If you ever do need a little extra anti-sting help here's a tip that came from Lulu's MSologist.  Place a witch hazel pad over the injection site.  I've used a generic brand of pre-moistened hemorrhoid pad that I keep in the 'frig.  The coolness gives an extra shot of instant relief.  

I used to add a cold pack on top and sit at the computer to respond to a forum question until the injection site settled down.  It was always my thigh that gave me the most problem.  I haven't used a 'Copaxone Tucks' in a long time.  These days the sting (if it comes) never bothers me enough to go to that much trouble.

JANE, you will do fine!  Do you have to wait to start because your instructor hasn't shown up yet?  It's a bummer to have it in the 'frig and no way to get it in you (where it can help).  I was in that position for about a month but for a different reason.  That's been nearly two years ago.

We've had several good discussions about Copaxone - especially regarding site reactions.  If anyone needs to reference one and can't find them through the "Search this Community" feature, let me know.  I'll try to locate one and give you a direct link.

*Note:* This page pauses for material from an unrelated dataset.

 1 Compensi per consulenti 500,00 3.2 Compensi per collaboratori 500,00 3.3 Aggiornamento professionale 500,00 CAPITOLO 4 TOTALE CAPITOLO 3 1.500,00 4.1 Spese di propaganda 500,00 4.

I hope you all do as well on Copaxone as I have.
Mary

Excellent news, GG!

Hope this continues. You are on your way :)
(((hugs))

Yippee!!!

Thank for sharing your good experience so far.

Julie

It gets better the longer you are on it.  I have been on it since May.  The looks of the shot for me are worse than the feeling.  But it does get easier.

Welcome to copax club :)   I've been taking copax about 3 weeks now...  no real complaints, about the same thing you've posted!

I think the worst shot was the worst, not knowing what to expect and when it was all done, almost felt a bit silly...  

Now I can make dinner and do a shot at the same time....  My daughter has walked into the kitchen and I'll be starting a shot in the hip / butt area, she laughs that our family is way too open :)    

I do the shots when making dinner so I am busy and don't have time to notice or focus on the sting which is also my only real issue.  

Glad to hear you're doing well with the shots too!  

Jen

I love you for posting! I start mine next Thursday. If you have any tips for a n00b, I'm all ears!

That is a comfort to hear! I am not yet diagnosed but always nice to hear a good comment about injections! I don't have a problem with shots but nonetheless it can be a scary thought!